Playing well for Brighton was okay like that but I have to start working my way back up to the Premiership which is a level I'm confident enough to think I can play at."
And why not? This, after all, is a player who was at his lowest point possible less than three years ago. Aston Villa sent him on loan to Tamworth for a month in March 2004 and the three matches he played there woke him up like a defibrillator. It was about as far off Broadway as it was possible to slide, a miserable time that he resolved there and then never to revisit. Further loan spells to Notts County and Wycombe came to nothing before he was sent to Brighton in late 2005.

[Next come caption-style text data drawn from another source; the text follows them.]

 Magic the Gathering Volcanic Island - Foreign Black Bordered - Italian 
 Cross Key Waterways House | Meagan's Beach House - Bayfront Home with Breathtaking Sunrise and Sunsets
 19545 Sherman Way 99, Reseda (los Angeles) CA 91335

Imagine. Right around the time he was pitching up nervous and even a little dispirited at his fifth club in 18 months, Ireland were losing to France at Lansdowne Road and the Irish manager was walking a high wire with no net.
Within a couple of months, Brian Kerr was gone. Within a couple more, Wayne Henderson was a senior international. He knows well that he owes that fact to the crossing of paths between him, Steve Staunton and Kevin MacDonald at Aston Villa.

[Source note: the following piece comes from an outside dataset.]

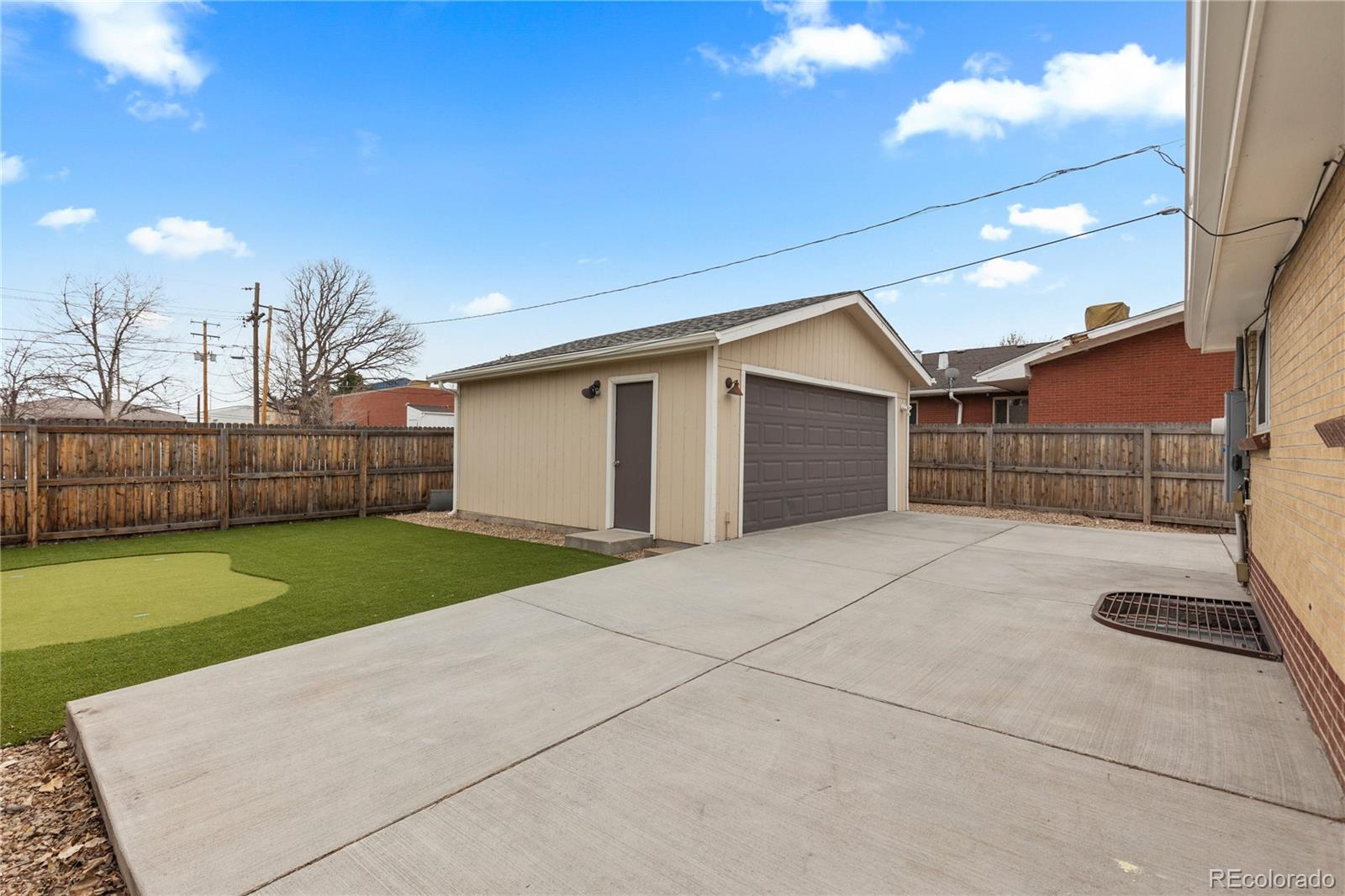 MLS Image #38 for 1996 s dexter street,denver, Colorado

"I had a great relationship with Stan when he was at Villa. We got along in the first place because of the Irish connection but apart from that it was a big deal for someone like me to be near someone like him who was a legend and had been for years. And Kevin was one of the people who'd had a big influence on me. He'd never spare you. He pushed me so hard back in those days and to be honest, I even thought at times that he was pushing me too hard. But he knew what he was doing. When I heard Stan got the Irish job then with Kevin coming along too, I was delighted because I knew that they wouldn't forget about me."
Well, they didn't and Wednesday in San Marino will almost certainly see him earn his fourth cap.
With a new club, with Paddy Kenny out of the picture for the foreseeable and with Shay Given a full seven years older than him and far from indestructible, Henderson can finally seen a chink of light piercing the clouds.
Not bad going for someone who started the week as a disgruntled substitute goalkeeper in the bottom half of League One. Not bad going at all.